The importance of bioprinting cannot be overstated, as it holds greats potential to unlock incredible advancements in the medical science but also to provide access to affordable health care and provision to war-ravaged and economically underdeveloped countries.
The development of 3D printing and its capabilities will play an invaluable part in our lives, whether by producing prosthetic limbs or customized fully-working organs. But how does the process of creating human tissue through 3D printers actually work?
UK-based Printerlnks and US startup company Organovo have joined forces to create a visual guide to the subject.
According to the article on the Telegraph, 3D printed tissue is created by using modified printer cartridges and extracted cells, sourced from patient biopsies with respect to examining cancer cells or stem cells. The cells are grown using standard techniques and cultured in a growth medium in dishes, enabling them to multiply.
Once they have grown, the cells are collected and formed into spheroids or other shapes and loaded into a cartridge to create Biolnk, which is loaded into a NovoGen MMX bioprinter along with a cartridge of Hydrogel.
The printer then prints a layer of the water-based gel, followed by a layer of Biolnk cells, and so on. After the necessary amount of layers has been printed, the printed tissue is left to grow as a structure, and the hydrogel is removed.
At this point, scientists use printed tissues for medical research. They introduce disease to the tissue and monitor its reaction.
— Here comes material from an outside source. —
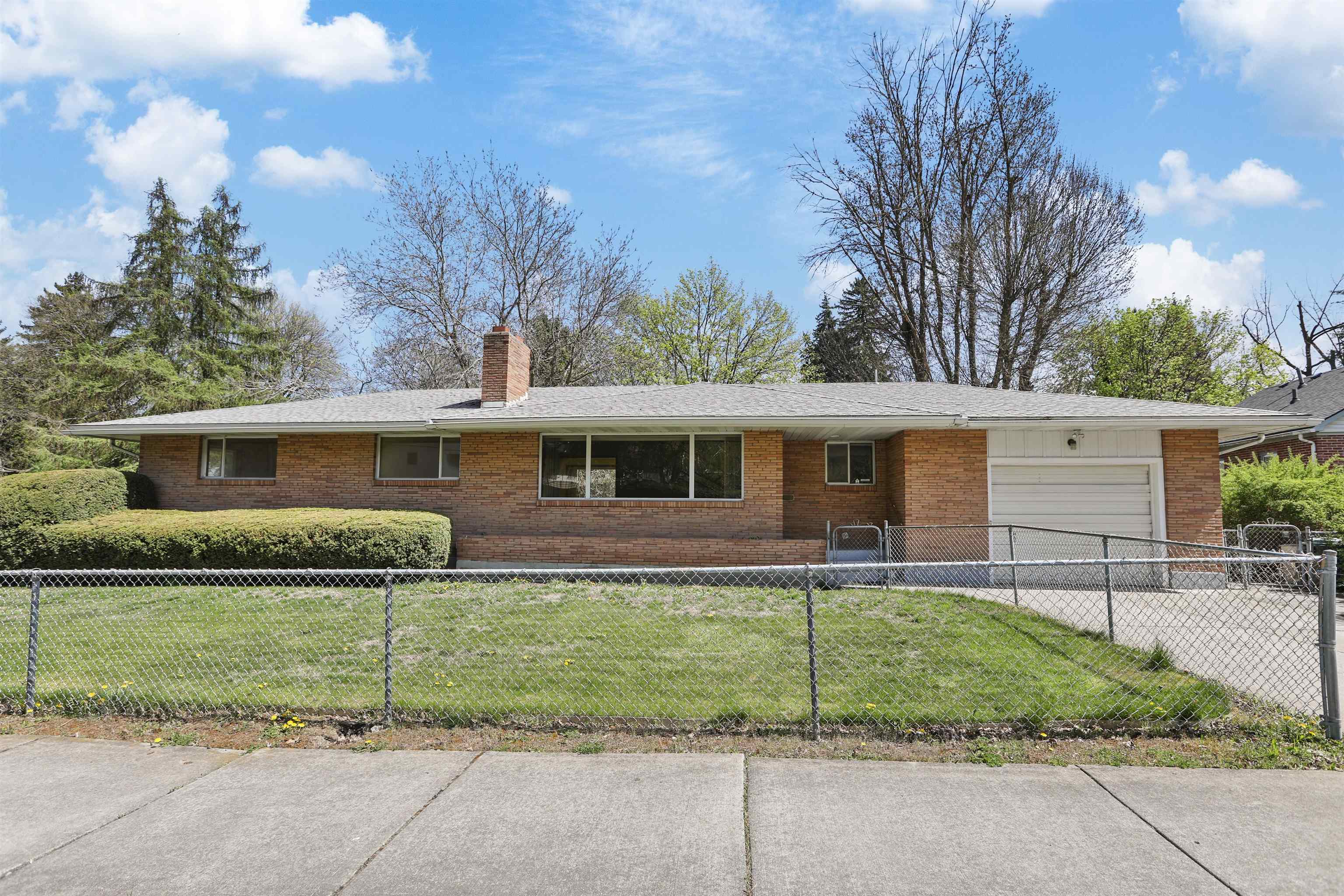 1215 S Garfield St - Photo 1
In the future, it is more than likely that 3D printers will be used to create simple tissues for implanting into current organs and partial organs, with printing of full organs expected to become reality in the next decade or so.
Based on previous experiments and experiences, Organovo estimates it would currently take 10 days to print an average-sized liver and lobe, but the required time to 3D print an organ will likely decrease as the technology advances.
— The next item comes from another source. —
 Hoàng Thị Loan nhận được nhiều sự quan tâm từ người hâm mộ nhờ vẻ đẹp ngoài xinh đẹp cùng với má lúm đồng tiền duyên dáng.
However, the advancement of the technology and its application for medical purposes has surfaced moral and ethical concerns over the quality of the organs and the entities that would control the right to produce them. Some argue that 3D printing human components further eradicates the line between man and machine, giving us the right to “play God” on an unprecedented scale.
Be that as it may, there is no denying that bioprinting has the potential to revolutionize medicine and healthcare beyond what was deemed possible only a short while ago.